|
|
|
|
|
by jchw
1208 days ago
|
|
>ECC is error correcting. A bit gets flipped and it not only detects it but fixes it. Two bits get flipped and it can at least detect it and panic the machine immediately instead of corrupting your data. I did neglect to mention that ECC by-definition can correct errors, but I wonder if what's making people upset with my comment is the implication that ECC can't detect all errors. But it's true: ECC can't detect all bitflips, and in fact there's at least one study[1] that suggests quite a lot of memory errors go entirely undetected even with ECC. Silent corruption does in fact occur even with ECC and it may not even be particularly rare, even though it is rarer than typical single/double-bit flips. Of course, the majority of desktops use non-ECC RAM and it's mostly fine, so I assume this is only ever going to matter in production workloads, and exactly what impact it has is hard to gauge. [1]: https://pages.cs.wisc.edu/~remzi/Classes/739/Fall2018/Papers... |
|
Whereas without ECC you could have silent data corruption for years and only discover it after it gets severe enough to warrant a manual investigation, after the damage has already propagated to your backups.

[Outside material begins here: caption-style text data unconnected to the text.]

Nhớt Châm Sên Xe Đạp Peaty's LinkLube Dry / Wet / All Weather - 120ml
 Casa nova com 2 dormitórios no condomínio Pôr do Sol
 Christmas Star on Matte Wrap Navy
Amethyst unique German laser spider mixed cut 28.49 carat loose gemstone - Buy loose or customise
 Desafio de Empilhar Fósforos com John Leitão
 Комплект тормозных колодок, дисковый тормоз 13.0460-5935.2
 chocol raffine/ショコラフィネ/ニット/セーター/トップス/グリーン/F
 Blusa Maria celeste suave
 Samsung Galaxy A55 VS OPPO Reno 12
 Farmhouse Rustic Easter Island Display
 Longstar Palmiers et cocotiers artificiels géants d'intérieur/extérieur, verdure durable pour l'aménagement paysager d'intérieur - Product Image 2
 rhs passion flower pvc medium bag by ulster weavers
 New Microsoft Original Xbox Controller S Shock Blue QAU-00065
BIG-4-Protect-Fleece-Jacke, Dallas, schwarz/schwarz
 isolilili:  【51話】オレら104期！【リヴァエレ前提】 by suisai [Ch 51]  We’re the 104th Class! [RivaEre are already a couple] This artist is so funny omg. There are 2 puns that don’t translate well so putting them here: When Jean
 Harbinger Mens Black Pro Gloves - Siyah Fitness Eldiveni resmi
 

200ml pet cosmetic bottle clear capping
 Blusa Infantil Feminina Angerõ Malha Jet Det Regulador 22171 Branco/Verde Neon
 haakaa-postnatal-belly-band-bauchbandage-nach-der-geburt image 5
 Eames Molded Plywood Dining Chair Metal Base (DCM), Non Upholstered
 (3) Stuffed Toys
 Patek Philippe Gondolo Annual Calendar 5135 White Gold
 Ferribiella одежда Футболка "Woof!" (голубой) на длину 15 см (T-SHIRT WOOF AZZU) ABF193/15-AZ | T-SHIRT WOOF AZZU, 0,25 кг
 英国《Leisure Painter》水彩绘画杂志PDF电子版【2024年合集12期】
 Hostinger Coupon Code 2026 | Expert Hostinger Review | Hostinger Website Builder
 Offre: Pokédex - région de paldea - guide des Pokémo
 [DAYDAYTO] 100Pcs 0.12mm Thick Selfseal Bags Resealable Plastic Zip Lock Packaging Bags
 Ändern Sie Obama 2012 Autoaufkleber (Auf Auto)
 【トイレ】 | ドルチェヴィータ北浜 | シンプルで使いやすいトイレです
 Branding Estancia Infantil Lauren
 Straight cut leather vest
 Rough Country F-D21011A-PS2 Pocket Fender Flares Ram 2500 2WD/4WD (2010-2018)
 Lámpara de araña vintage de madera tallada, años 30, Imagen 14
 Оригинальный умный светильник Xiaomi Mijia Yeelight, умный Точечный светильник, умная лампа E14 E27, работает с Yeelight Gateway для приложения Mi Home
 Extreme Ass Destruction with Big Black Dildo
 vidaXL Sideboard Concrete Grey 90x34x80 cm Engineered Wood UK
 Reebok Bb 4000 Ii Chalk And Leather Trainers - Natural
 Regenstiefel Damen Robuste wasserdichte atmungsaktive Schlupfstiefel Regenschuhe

> Of course, the majority of desktops use non-ECC RAM and it's mostly fine, so I assume this is only ever going to matter in production workloads, and exactly what impact it has is hard to gauge.
There are two reasons it's useful. One is the cosmic ray random bit flip that happens even to hardware in good condition, and then ECC can usually detect and correct it, but that's less common and more important for production workloads.
The other is, your hardware is experiencing a higher than average number of random bit flips, and then ECC gives you immediate notice when this starts happening instead of letting it sow chaos until something crashes so hard you take notice.